Camping season and warm summer nights are around the corner and that is prompting the Kelowna Fire Department to remind residents and visitors campfires and outdoor wood burning appliances, including wood-fueled fire pits, are not permitted within city limits at any time. And the rules apply to private property too.
In addition, campfires and briquette barbecues are not allowed in city or Regional District of Central Okanagan parks. Barbecues are allowed on beaches in Kelowna. Smoking, however, is banned in all city and regional parks and as well as on beaches.
“Warm and dry conditions have created a vulnerable natural environment,” said Rick Euper, fire and life safety educator with the Kelowna Fire Department. “A spark from a campfire can easily jump and ignite surrounding kindling. It wouldn’t take much in these conditions for a fire to spread in either rural or urban areas, and the impact could be disastrous.”

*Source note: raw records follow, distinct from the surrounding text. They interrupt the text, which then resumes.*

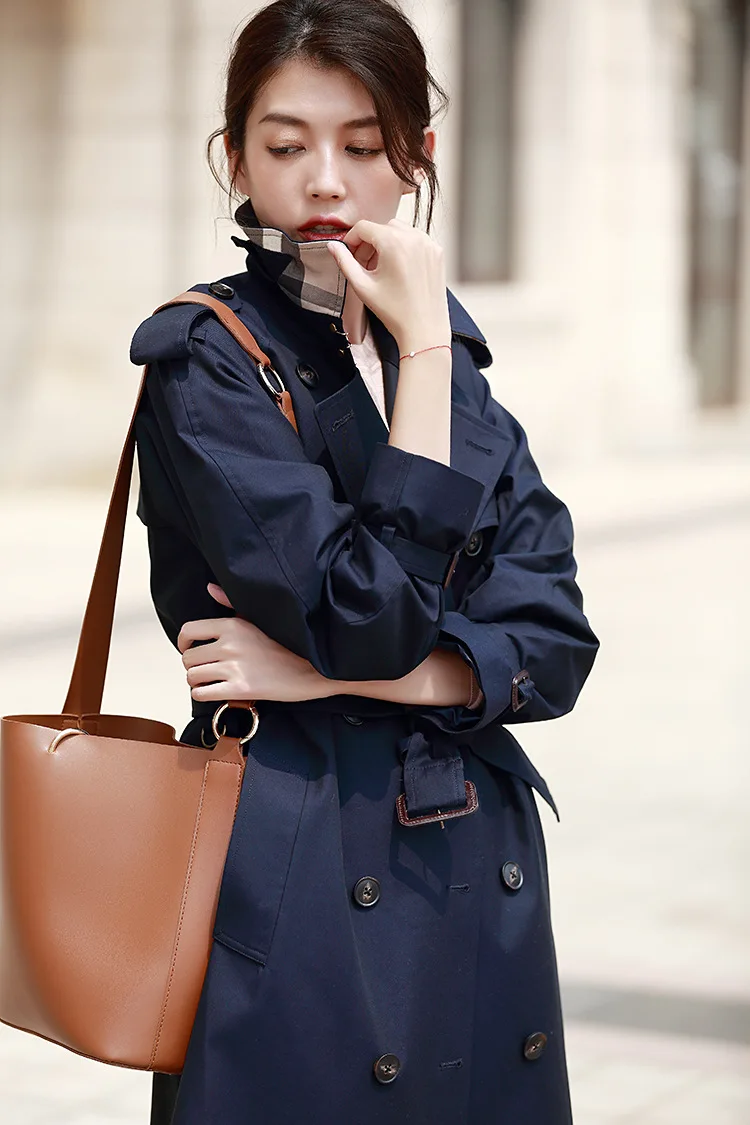 Женская двубортная ветровка на шнуровке средней длины в британском стиле для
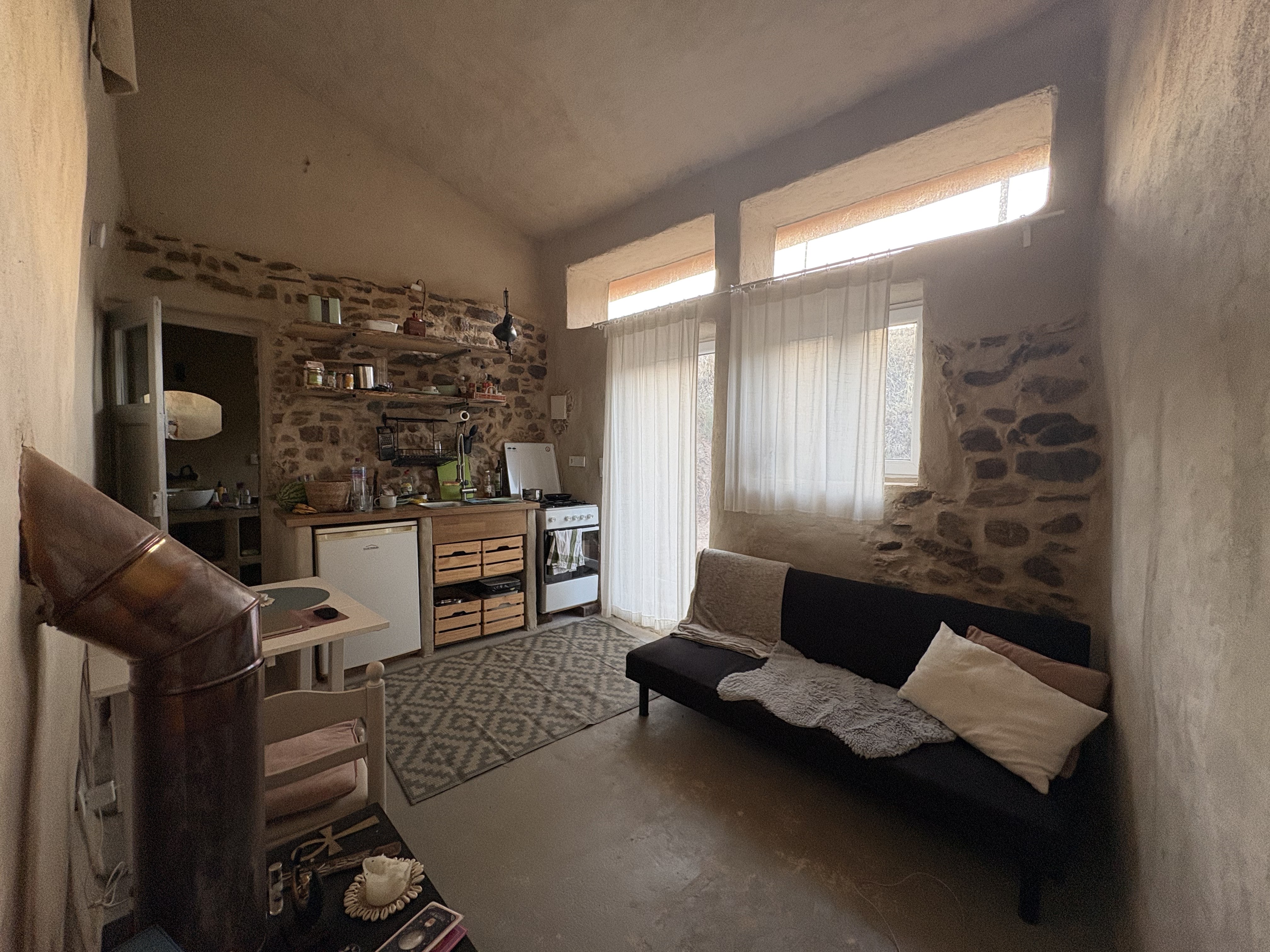 Naturstudio in Monchique mit Steinmauer und warmem Licht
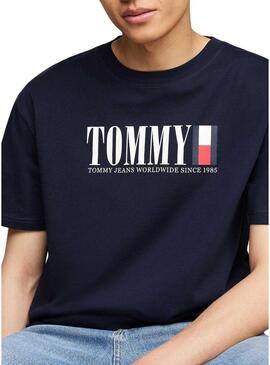 Maglietta Tommy Jeans regular flag blu scuro per uomo.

Euper recommends a safer option for the backyard is a propane fire pit. But even then, he is urging the public to never leave an open-flame unattended and keep a fire extinguisher nearby. Smokers should also remember to safely dispose of their smoking materials—for example putting them out in a bucket of water.
Anyone found violating the city’s Fire and Life Safety Bylaw could face a $345 fine.
The reminder from the fire department and the city follows notice given by the Kamloops Fire Centre that open fires in all of its regional zones is now restricted. The Kamloops Fire Centre includes Kelowna.
Crews are already battling wildfires in the Kamloops fire-zone and the notice aims to help prevent human-caused wildfires.
On Saturday, a grass fire that West Kelowna Fire Rescue dubbed suspicious, broke out on the slopes of Mount Boucherie below Mission Hill Winery. While the fire was contained within a few hours later, it prompted the evacuation of the winery and 50 nearby homes for part of the evening.
Open burning has not been allowed in the regional district since April 30. Pending conditions is will be permitted after Oct. 1. A valid permit from the fire department is required to conduct open burning.
Anyone who sees smoke or fire in any park should immediately call *5-5-5-5, the B.C. Wildfire Management Branch or 9-1-1.